For years, Thurman gave up on finding justice for the way Tarantino treated her. It was the #MeToo movement and the flood of allegations against Weinstein, forcing her to relive her own “dehumanization to the point of death” that inspired Thurman to pick up where she left off with Tarantino, trying to get him to give her the footage that showed the dangerous position he put her in.
“Quentin finally atoned by giving it to me after 15 years, right?” she said. “Not that it matters now, with my permanently damaged neck and my screwed-up knees… When they turned on me after the accident, I went from being a creative contributor and performer to being like a broken tool.”
The crash was just a turning point for Thurman, who had been mistreated by Tarantino without “feeling disempowered” for a long time. In the New York Times article, she notes that he acted as a stand-in for other actors during filming of some of Kill Bill‘s more sadistic scenes, like one where a man spit in her face, and another where he choked her with a chain. Thurman’s longtime friend and fellow actor, Jessica Chastain, weighed in to criticize Tarantino for that behavior. Her insight is dead-on.
I keep imagining Tarantino spitting in Uma's face and strangling her with a chain for KILL BILL. How many images of women in media do we celebrate that showcase abuse? When did this become normalized 'entertainment'?
— Jessica Chastain (@jes_chastain) February 4, 2018
When violence against women is used as a plot device to make the characters stronger then we have a problem. It is not empowering to be beaten and raped, yet so many films make it their 'pheonix' moment for women. We don't need abuse in order to be powerful. We already are.— Jessica Chastain (@jes_chastain) February 4, 2018
Directors inserting themselves into a scene depicting abuse is crossing a boundary. How can an actor feel safe when your director is strangling you?— Jessica Chastain (@jes_chastain) February 4, 2018
It’s no wonder Thurman is so angry. What she’s been through would be enough to break many women. Yet somehow, she’s emerged from the other side, ready to speak her truth and make sure predators like Weinstein and Tarantino are finally, officially, canceled.

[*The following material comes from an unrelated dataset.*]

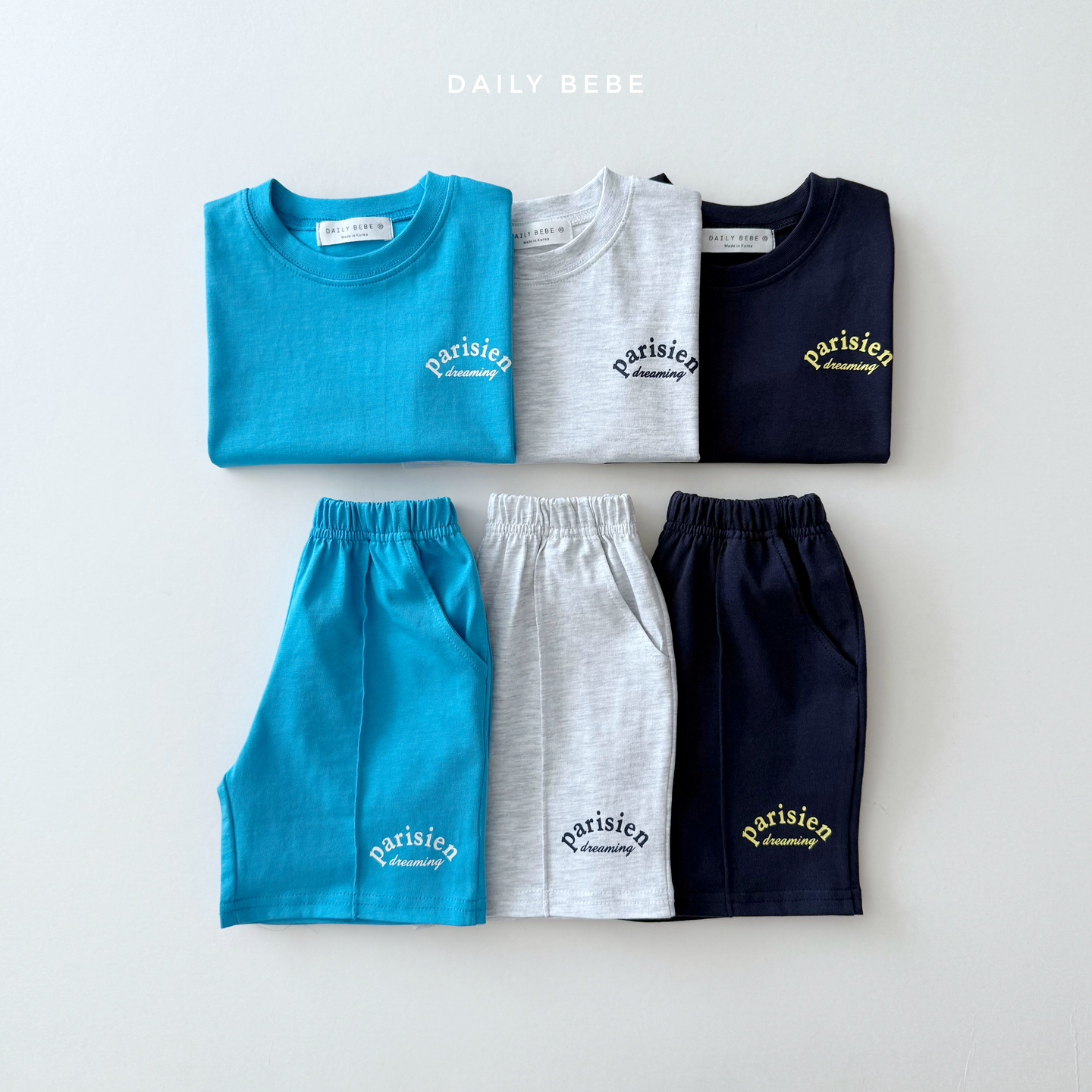 DAILYBEBE KIDS PARISIEN SET**PREORDER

“Harvey assaulted me but that didn’t kill me,” she said. “What really got me about the crash was that it was a cheap shot. I had been through so many rings of fire by that point. I had really always felt a connection to the greater good in my work with Quentin and most of what I allowed to happen to me and what I participated in was kind of like a horrible mud wrestle with a very angry brother. But at least I had some say, you know?”
She continued, “Personally, it has taken me 47 years to stop calling people who are mean to you ‘in love’ with you. It took a long time because I think that as little girls we are conditioned to believe that cruelty and love somehow have a connection and that is like the sort of era that we need to evolve out of.”